MCS troubleshooting

Document ID : KB000072506
Last Modified Date : 13/08/2018
Show Technical Document Details
Question:
 
  • How do I configure the mon_config_service probe to fail over to my fail over hub?
  • Why am I getting duplicate alarms?
  • When I click on a Group or a Device in USM and then select the Monitoring Tab how come I can't see my profile template?
  • Why did my new or updated Device Profile end up in an error state?
  • Why did one or more of my Group Device Profiles become full fledged Device Profiles when I deleted my Group Profile?
  • How do I modify the MCS profile deployment behavior?
  • How do I enable the REST API WADL?
Answer:

How do I configure the mon_config_service probe to fail over to my fail over hub?

Assumptions:

  1. You have already installed UIM on your fail over hub.
  2. You have already installed the HA or "Nimsoft High Availability" Probe on your fail over hub and the HA probe has been already been configured to fail over the other required probes to support fail over.
  3. The data_engine probe has been configured for fail over on your fail over hub.
  4. The automated_deployment_engine has been configured for fail over on your fail over hub.

Process:

  1. Perform the steps outlined in the Set Up High Availability for the Primary Hub.
    1. For additional information see the HA probe documentation.
  2. Next ensure the same version of the mon_config_service probe (or selfservice_cm probe) that is installed on your primary hub on is also installed on the failover hub.
    1. Note that this should not be required for the mon_config_service probe because the mon_config_service probe is installed by UIM on UIM versions greater than 8.40.
  3. Ensure that the mon_config_service probe (or selfservice_cm probe) is deactivated.
  4. Copy the mon_config_service.cfg (or the selfservice_cm.cfg) file from the primary hub mon_config_service probe (or selfservice_cm probe) instance to the <UIM Install Root>/Nimsoft/probes/service/mon_config_service (or the <UIM Install Root>/Nimsoft/probes/application/selfservice_cm) directory.
  5. Deactivate the primary hub mon_config_service probe (or the selfservice_cm probe).
  6. Activate the fail over hub mon_config_service probe (or selfservice_cm probe). 
  7. Ensure that the mon_config_service probe is running on the on the fail over hub.
    1. Note this step should be performed after every upgrade of the mon_config_service probe or (selfservice_cm probe) in order to allow any required UIM database migrations to be performed before a fail over scenario has been encountered in the production environment.
  8. Deactivate the fail over mon_config_service probe (or the selfservice_cm probe).
  9. Activate the primary hub mon_config_service probe (or the selfservice_cm probe).
  10. Add the mon_config_service probe (or selfservice_cm probe) to the HA probe configuration on the fail over hub.
    1. Using the Infrastructure Manager or Admin Console edit the HA probe raw configuration add the mon_config_service probe or (selfservice_cm probe) to the probes_up configuration section.
    2. Add the mon_config_service probe or (selfservice_cm) probe using be creating a new key in the probes_up section whose key is "probe_<integer>" and whose value is mon_config_service (or selfservice_cm). 
      1. The <integer> in the key is a place holder for the integer that you must select. The selected integer should be unique and greater than the integer used for the data_engine and automated_deployment_engine probes.

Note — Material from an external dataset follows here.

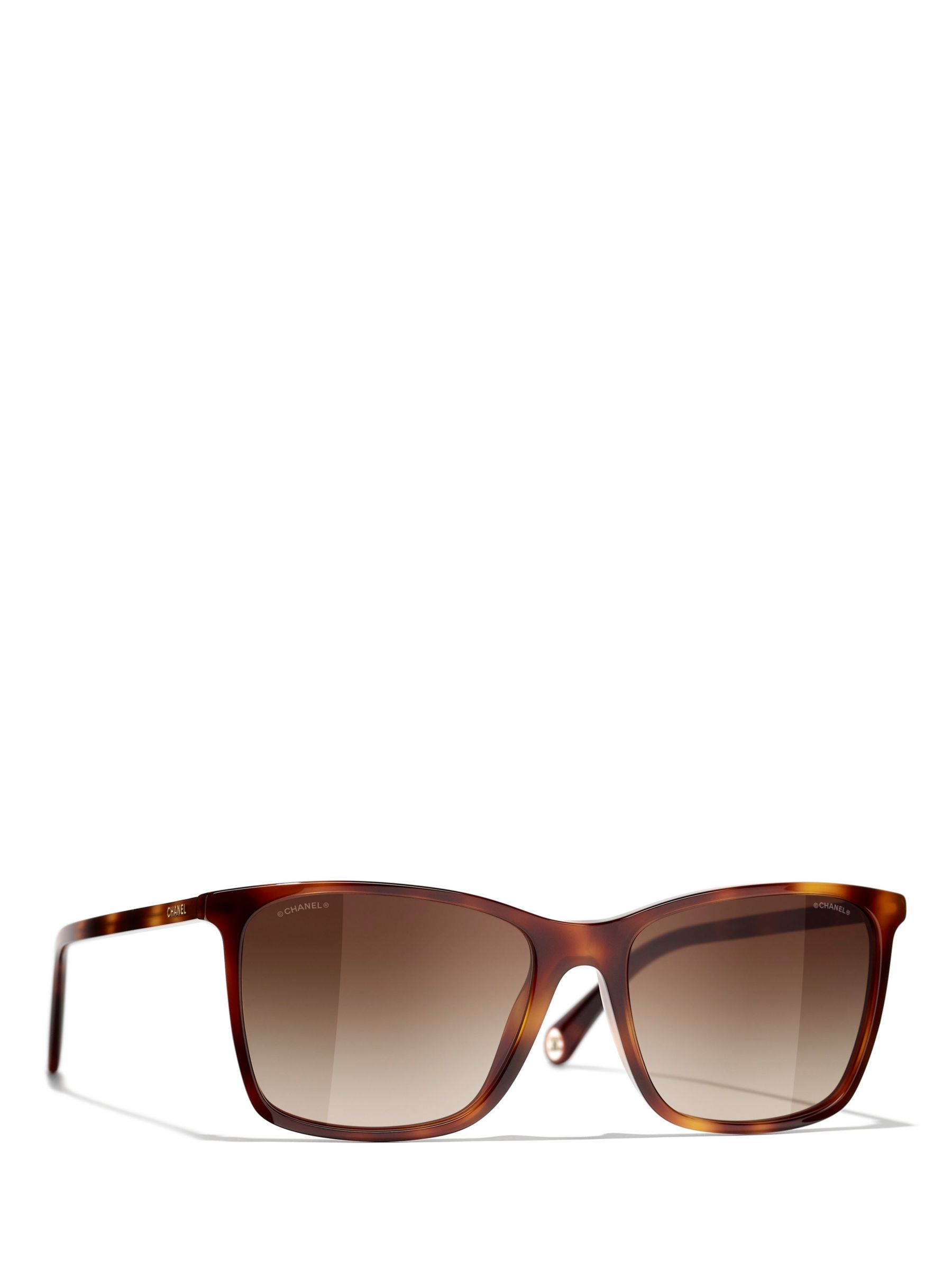 Buy CHANEL Rectangular Sunglasses CH5447 Havana/Brown Gradient Online at johnlewis.com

 Additional Considerations:

  1. Once you have the mon_config_service probe (or selfservice_cm probe) configured for fail over, you should be prepared for a potential fail over event; however there may be newer or patched releases of the mon_config_service probe (or selfservice_cm probe)  that you wish to install.  If you decide install a newer version the mon_config_service probe (or selfservice_cm probe) on your primary hub, you must also remember to install the same version of the mon_config_service (or selfservice_cm probe) on the fail over hub as well.  This can be done using steps 2-9 from the instructions above.
  2. If the mon_config_service probe (or selfservice_cm probe) fails to start after fail over use the Infrastructure Manager or Admin Console targeting the fail over hub and deactivate the mon_config_service probe (or selfservice_cm probe) and then activate the probe. 
  3. If the mon_config_service probe (or selfservice_cm probe) fails to start after fail back use the Infrastructure Manager or Admin Console targeting the primare hub and deactivate the mon_config_service probe (or selfservice_cm probe) and then activate the probe.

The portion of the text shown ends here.